Despite losing last week’s vote to unionize, graduate employee union organizers plan to keep pushing for reforms at the University.
Participating in the vote were 3,075 graduate employees who turned down the Graduate Teaching and Research Assistants Coalition United Electrical Local 1105 by a vote of 1,296-1,779, according to the Minnesota Bureau of Mediation Services Web site.
Some GradTRAC members will be meeting this weekend to discuss ways to improve graduate employee working conditions, said Ryan Murphy, a union organizer and American studies fellow.
“There are a lot of other ways (besides a union) that activists create social change,” Murphy said, citing the actions of civil rights workers in the 1960s and 1970s.
Britt Johnson, Council of Graduate Students president and a philosophy graduate instructor, said some of GradTRAC’s goals regarding health care and pay can be worked on by the council.

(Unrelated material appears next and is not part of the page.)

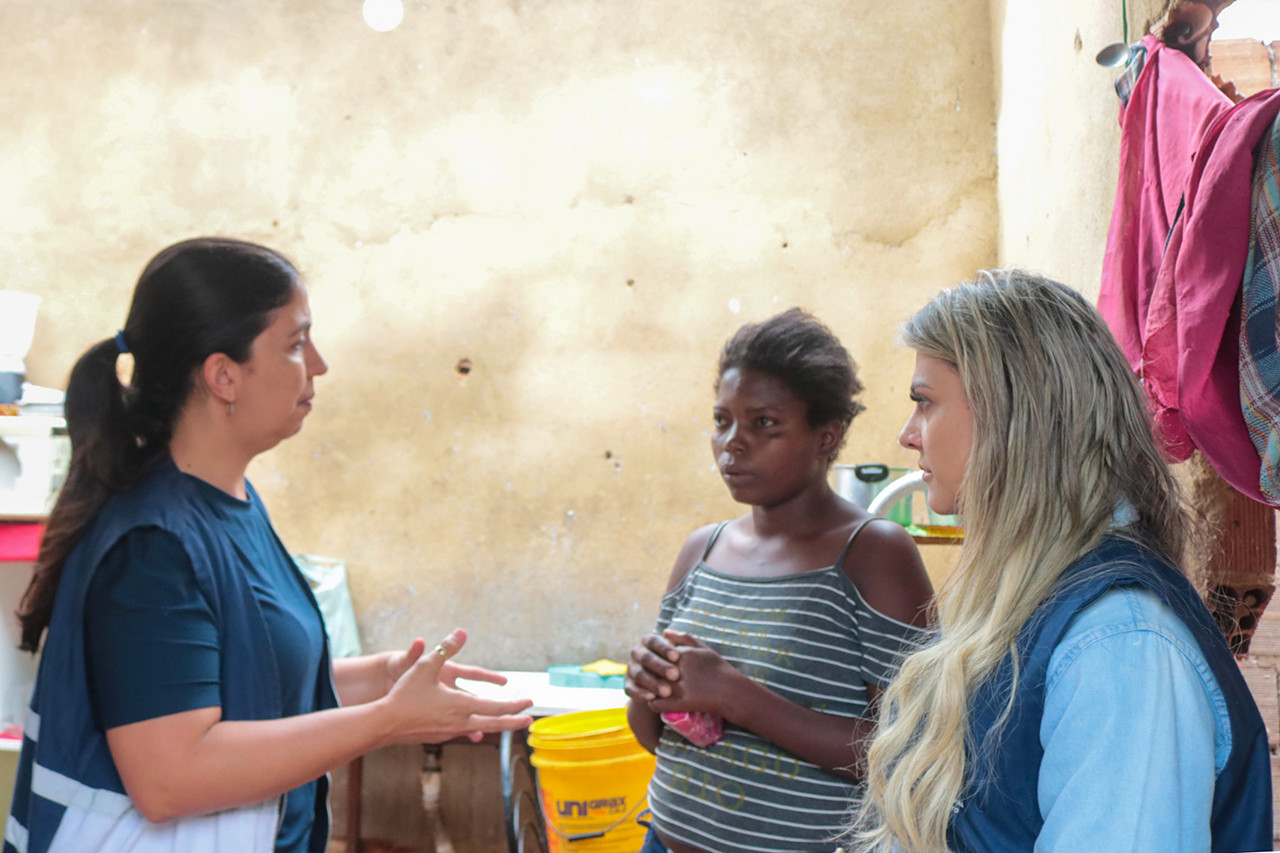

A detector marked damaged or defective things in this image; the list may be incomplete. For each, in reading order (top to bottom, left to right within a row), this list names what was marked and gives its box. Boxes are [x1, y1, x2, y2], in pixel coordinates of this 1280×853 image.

cracked wall surface [2, 0, 998, 666]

But Johnson, who is also a GradTRAC member, said the council cannot bargain with the University like a union would have been able to.

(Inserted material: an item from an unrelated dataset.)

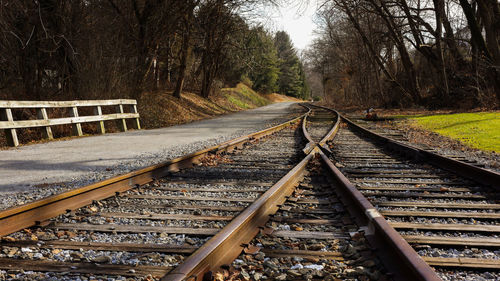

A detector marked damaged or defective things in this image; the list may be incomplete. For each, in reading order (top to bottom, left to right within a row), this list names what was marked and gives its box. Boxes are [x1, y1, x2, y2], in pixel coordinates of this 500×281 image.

rusty railroad track [0, 104, 496, 278]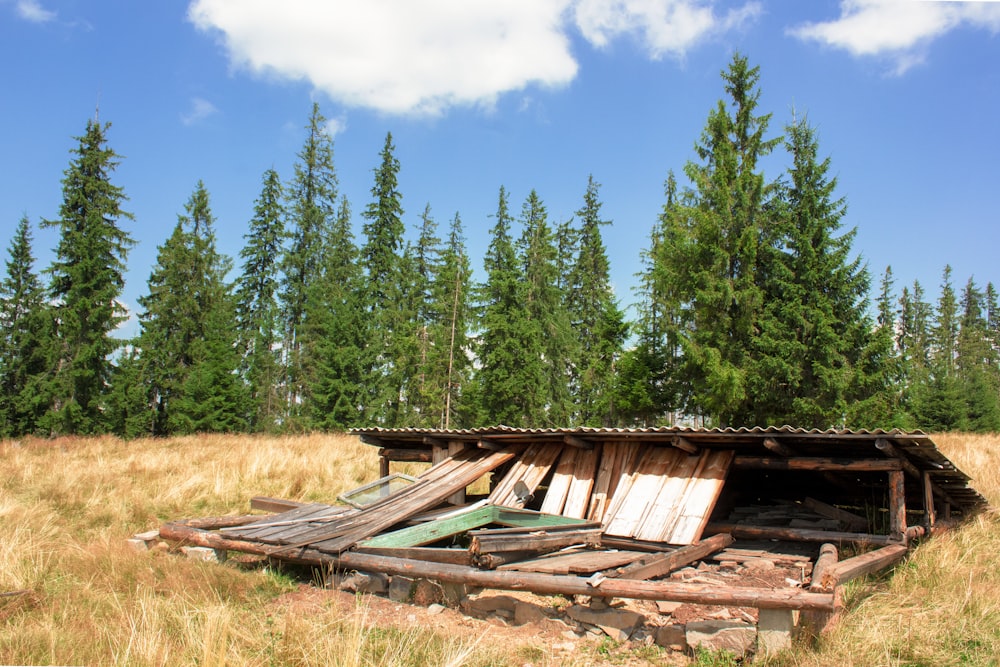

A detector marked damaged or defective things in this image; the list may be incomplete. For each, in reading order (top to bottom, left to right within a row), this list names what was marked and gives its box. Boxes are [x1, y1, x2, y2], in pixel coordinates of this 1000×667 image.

broken wooden slat [608, 536, 736, 580]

“We can make our opinion known Ö (but) in the end, we don’t have a lot of control,” she said.
Murphy said the Graduate and Professional Student Assembly can’t do what a union could.

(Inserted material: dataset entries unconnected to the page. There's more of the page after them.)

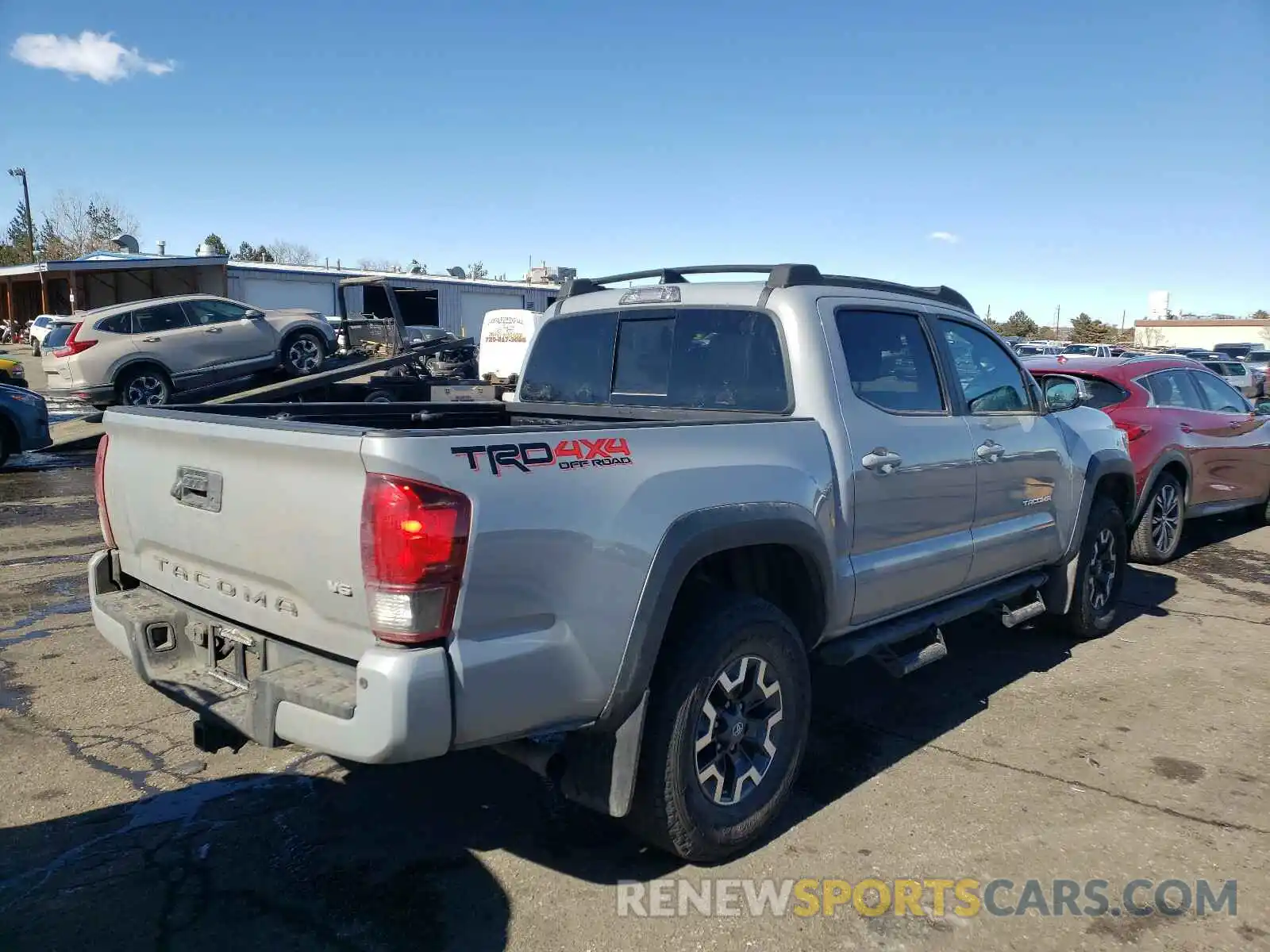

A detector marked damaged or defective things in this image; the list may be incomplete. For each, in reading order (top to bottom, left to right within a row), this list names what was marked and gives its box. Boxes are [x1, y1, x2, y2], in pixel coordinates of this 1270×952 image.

cracked concrete [0, 459, 1264, 949]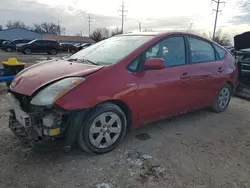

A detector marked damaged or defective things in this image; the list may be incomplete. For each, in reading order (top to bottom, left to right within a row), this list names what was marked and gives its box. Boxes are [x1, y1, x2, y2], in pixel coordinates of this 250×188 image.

crumpled hood [9, 59, 103, 95]
exposed headlight housing [29, 76, 85, 106]
damaged front end [8, 92, 70, 149]
front bumper damage [7, 92, 89, 152]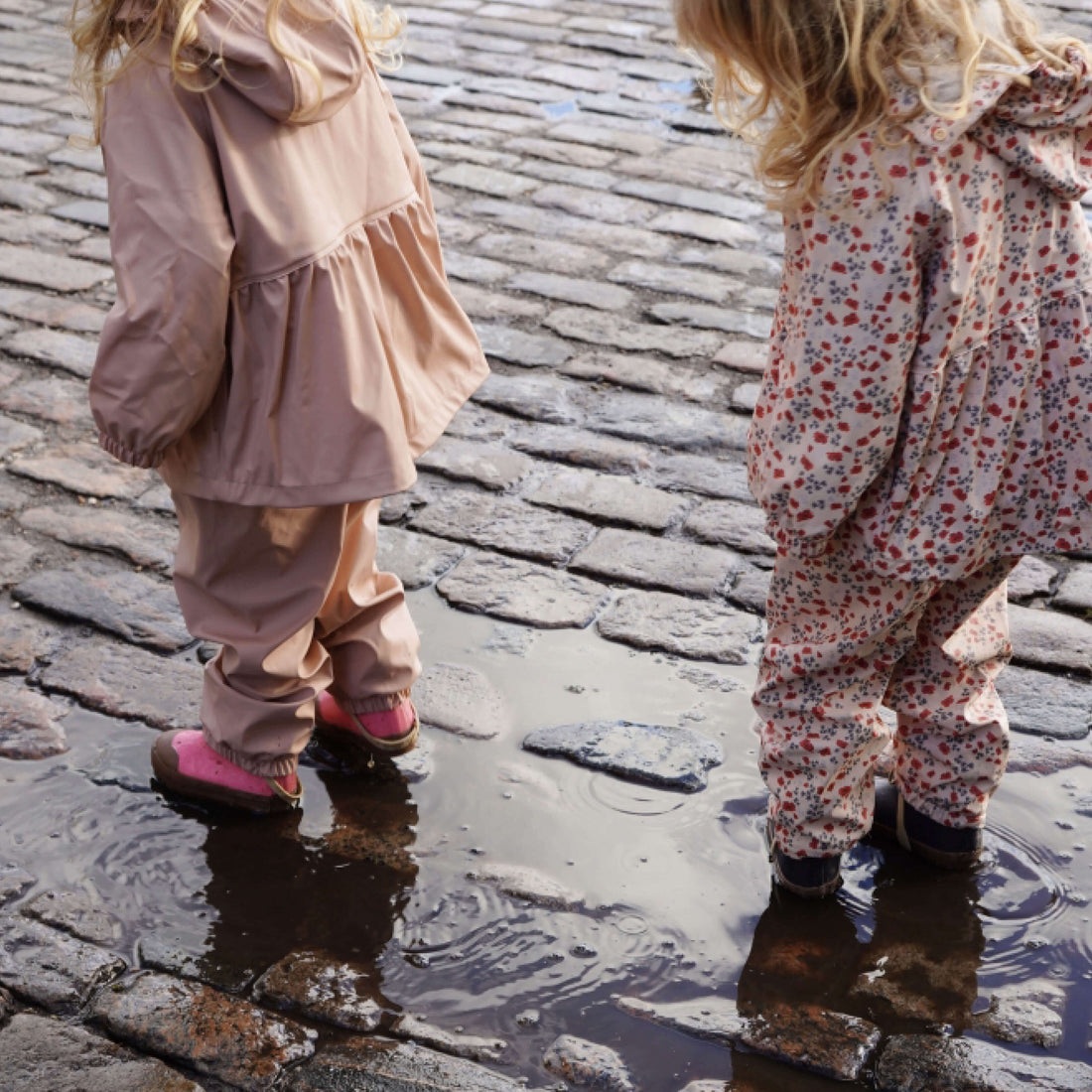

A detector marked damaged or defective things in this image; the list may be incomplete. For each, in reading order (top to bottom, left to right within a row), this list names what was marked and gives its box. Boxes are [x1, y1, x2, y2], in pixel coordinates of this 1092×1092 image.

rust-stained stone [0, 912, 125, 1013]
rust-stained stone [89, 974, 317, 1092]
rust-stained stone [252, 952, 386, 1034]
rust-stained stone [286, 1034, 524, 1087]
rust-stained stone [734, 1005, 878, 1083]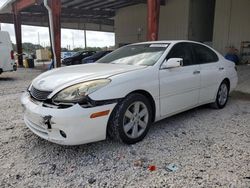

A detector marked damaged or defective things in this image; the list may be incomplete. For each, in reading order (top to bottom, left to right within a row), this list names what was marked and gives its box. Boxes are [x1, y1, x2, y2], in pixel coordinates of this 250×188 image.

damaged front bumper [20, 92, 116, 145]
damaged white car [20, 40, 237, 145]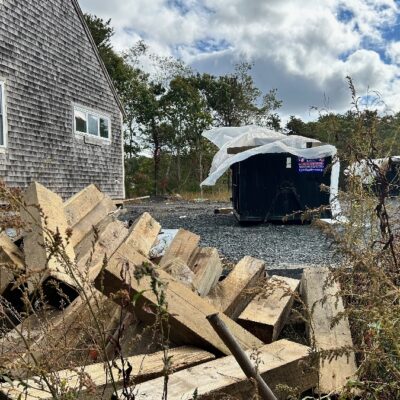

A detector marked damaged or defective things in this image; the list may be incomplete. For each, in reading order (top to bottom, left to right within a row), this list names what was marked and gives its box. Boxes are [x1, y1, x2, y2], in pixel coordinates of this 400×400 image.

damaged wood beam [206, 256, 266, 318]
damaged wood beam [238, 276, 300, 344]
damaged wood beam [302, 268, 358, 396]
damaged wood beam [0, 346, 216, 398]
damaged wood beam [125, 340, 318, 400]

“All that stuff we said about the union being different from GAPSA and (the council), we weren’t just blowing smoke,” he said.
Ken Williams, a chemical engineering research assistant, founded Truth About Unionization as an opposition group to GradTRAC, but he said he would be willing to work with the union’s members.
“Our goal all along was to have an open, interdepartmental dialogue that everyone could attend,” he said.
Murphy said he is open to discussion but has doubts.
“Ken Williams and the (Truth About Unionization) people have never talked about conditions in the workplace” but were only concerned with defeating GradTRAC, Murphy said.
Although there are no immediate plans to push for another union, Murphy said, the high turnover of graduate student employees means there could be greater support for a union in the next several years.